Robinhood is mobile first and also lets users buy and sell options as well as cryptocurrencies. And they use some of the same tools that their silicon valley peers like Facebook use in order to get users to use the app. They send push notifications when something goes up or down 5%. They make it feel a bit like a game by giving you a free stock right at the start. But they also make up some revenue from other sources as well.
Their Robinhood Gold subscription service, net interest income on margin lending and cash deposits, and some others. There are a few alternative ways they make money, but they’re smaller.
(Ryan) History: Founded in 2014 in Palo Alto by Baiju Bhatt and Vlad Tenev. The two were roommates at Stanford where Vlad studied mathematics and Baiju had degrees in physics and mathematics. But it looks like both of them knew how to write code, because once they graduated they moved to New York and sold trading software to hedge funds.
That’s where they realized that there was essentially this arbitrage opportunity and that commissions weren’t really necessary. So they moved back to the valley, where Robinhood is now headquartered and where they found their first $3 million seed round. They’ve had 11 total funding rounds, with the latest being more than a $3 billion convertible notes offering amidst the crisis last year since Robinhood needed to post collateral. That may have also encouraged the IPO since those lenders wanted to convert to stock.
Competitors include Vanguard, Charles Schwab/TD, Etrade, Coinbase, IBKR, other mobile-first trading apps
Retail investing assets are $50 trillion according to the S-1. How much of that is reasonable for Robinhood to obtain? I’m not sure
Crypto trading is hard to calculate, but Coinbase is doing $3 billion in sales (they have commissions though)
70% of Robinhood AUC is aged 18 to 40
68% of people aged 18 to 29 have no money invested in the market
(Ian) Management and Ownership:
Vlad Tenev (ten-iv) is the co-founder and CEO
The other co-founder (Baiju Bhatt) is the Chief Creative Officer
Both stanford graduates
Vlad had two other startups before Robinhood
Estimated that both founders own a combined 20% of the company
The design, roll-out and word of mouth marketing is impressive
Read an article that they would test features at Stanford with college students before implementing. Kind of reminiscent of Tinder and Bumble
What valuation do we think it is going out at?
In Q1 total net revenues was $522M, up 309% YoY
Negative ~$1.5B in GAAP net income in the first quarter due to the change in fair value of their convertible notes.
Largest opex is G&A, barely outpacing marketing
Net cumulative funded accounts of 18M, up 150% YoY
MAU’s was 17.7M, a little more than double year over year
$80.1B in assets under custody, which backs out net margin balances.
This puts the average account balance at just under $4,500
Now I hate this metric but they have an adj.
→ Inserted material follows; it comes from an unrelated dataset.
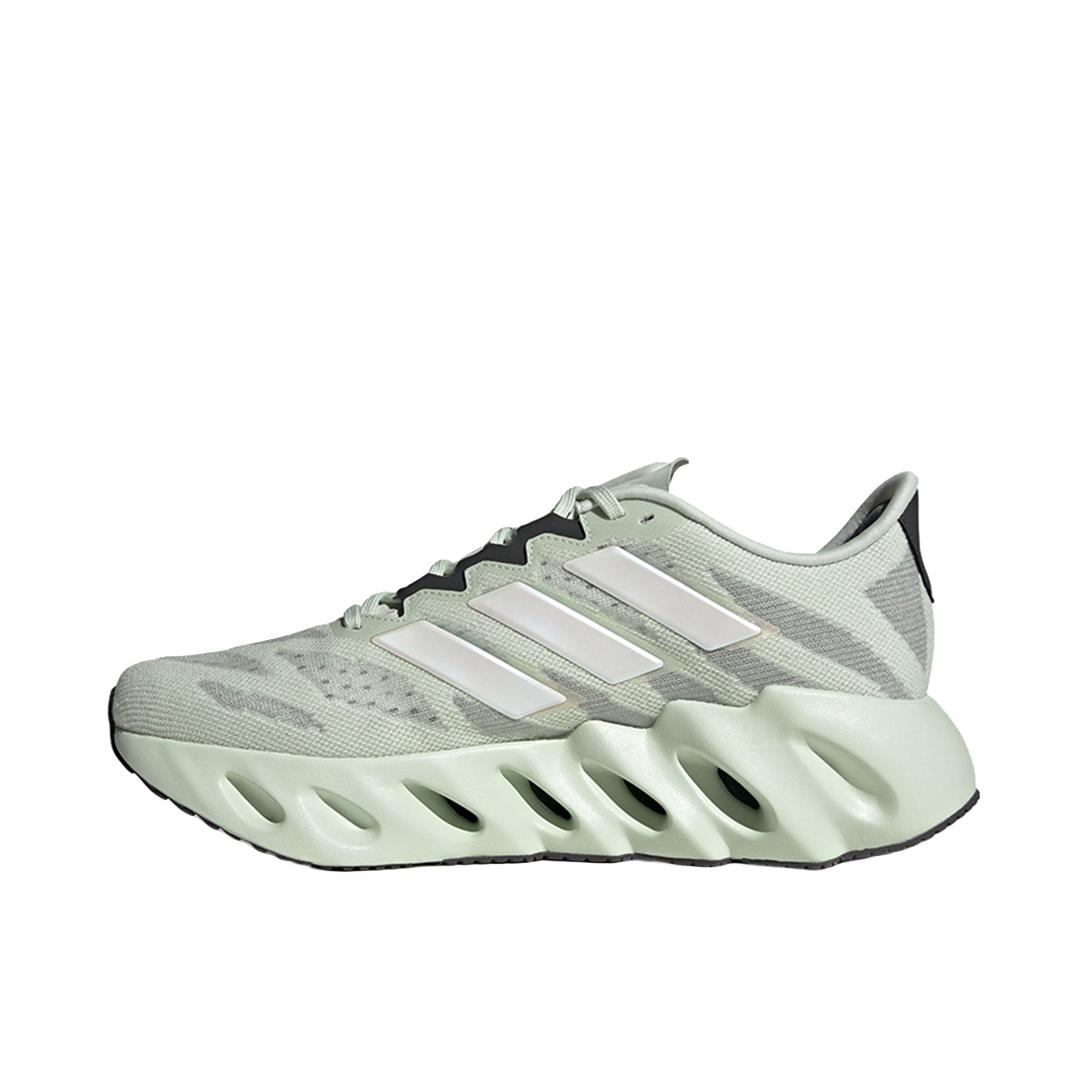 推荐商品：adidas Switch FWD 跑鞋 网面透气缓震轻便洞能回弹 男款/亚麻绿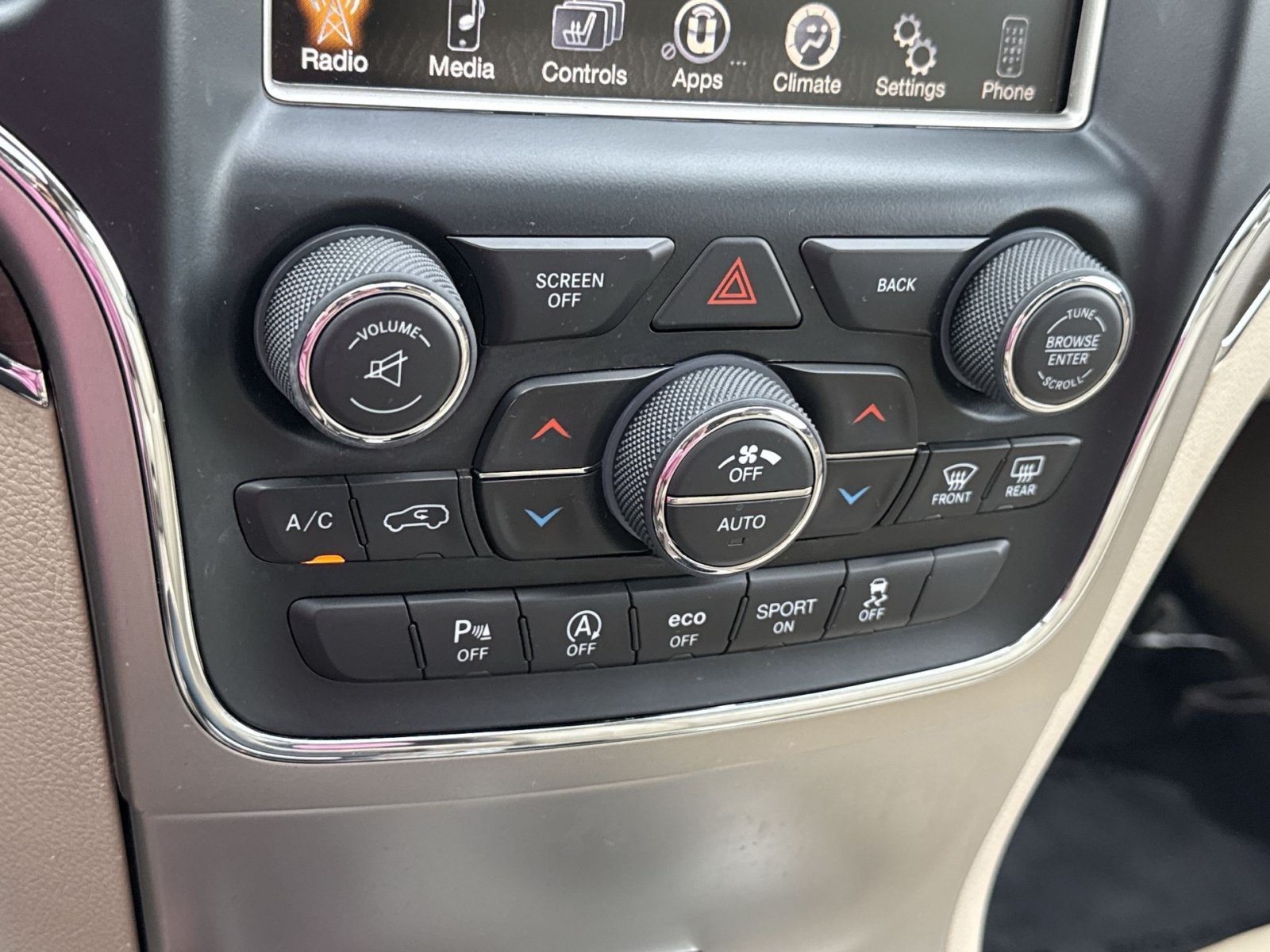 Used 2017 Jeep Grand Cherokee Limited AWD/4WD image 20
EBITDA margin of about 22% if you exclude primarily the convertible notes fair value change.
(Ian) Balance sheet and liquidity:
Cash of $1.4B
$4B in convertibles, should be thought of as dilutive equity at this point
Should check out the plumbing of the investments. Some cash on the balance sheet is held for investors and they generate some interest on the cash
Others more qualified
(Ryan) Started there thanks to free commissions. Then moved to Schwab pretty early on. I kept a little bit of money in there in case I essentially ever want to gamble.
(Brett) Hate the app. Once Brewster/others opened our eyes to their tactics I have gotten angry at the company.
(Ian) Transferred all of my assets off of it about a year ago. Schwab paid the fee. Only had opened it because of the free commissions. Glad they forced the hand of the big guys
Future growth opportunities:
(Ryan) Honestly sports gambling. You’ve got an incredible UI/UX, no one can argue with that, noe just accept your stigma as a casino, rebrand and start letting people gamble across all different types of markets. Or a cash wallet with boosts like the Cash App. Honestly just copy the cash app.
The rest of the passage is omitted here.